The UN Relief and Works Agency for Palestinian refugees does little to check whether its staff or clients are terrorists, its former chief attorney, James Lindsay, says in a newly published report. Allegations linking terrorists to UNRWA are not new. Israel has said many times its troops were fired on by gunmen using UNRWA facilities, that UNRWA vehicles transported weapons and that some of its staff members were terrorists.
UNRWA has denied those charges and Israel has often retracted them or found them hard to prove.
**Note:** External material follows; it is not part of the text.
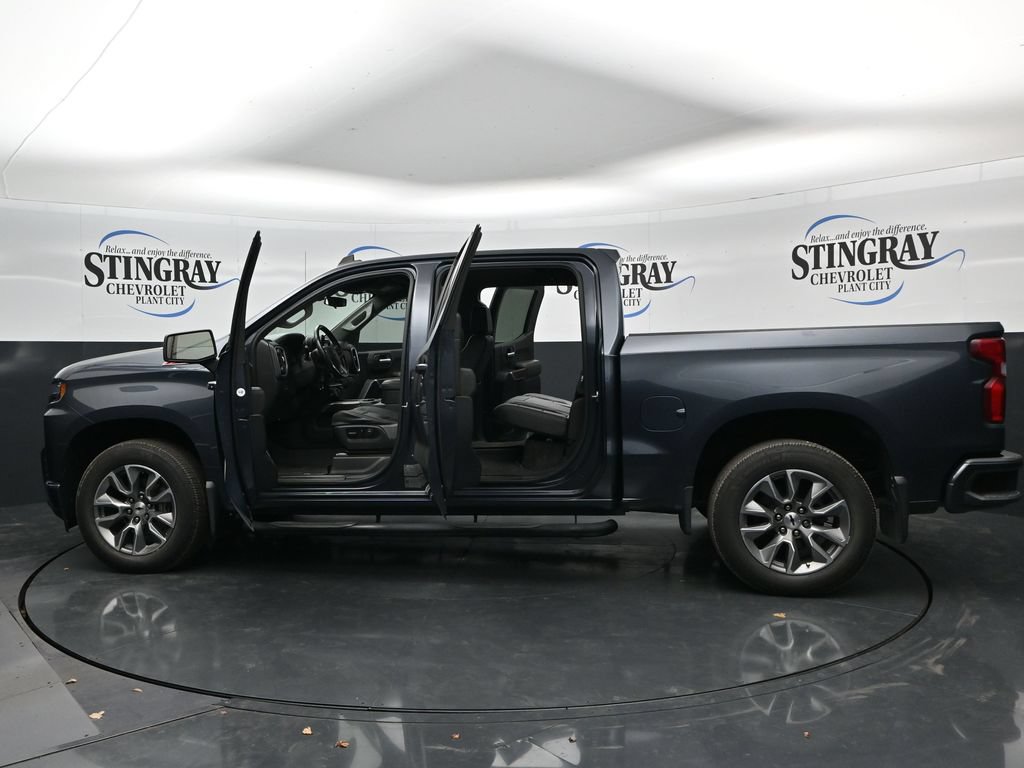 Used 2021 Chevrolet Silverado 1500 RST w/ All Star Edition Plus AWD/4WD image 37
This latest claim against UNRWA, contained in a 67-page critique of the organization published at the end of January by the Washington Institute for Near East Policy, has more authority behind it, because Lindsay was a senior lawyer for UNRWA from 2000 to 2007.
UNRWA has taken very few steps to detect and eliminate terrorists from the ranks of its staff or its beneficiaries, and no steps at all to prevent members of terrorist organizations such as Hamas from joining its staff," he wrote. "These failings have occurred not because UNRWA consciously supports terrorism but rather because it is not particularly concerned about the issue. Its main focus [is] the provision of services and protection of Palestinian refugees," he wrote.
Of course, the UNRWA has denied this and in other news, the US State Department has upped the funding for the UNRWA’s efforts in the Gaza Strip.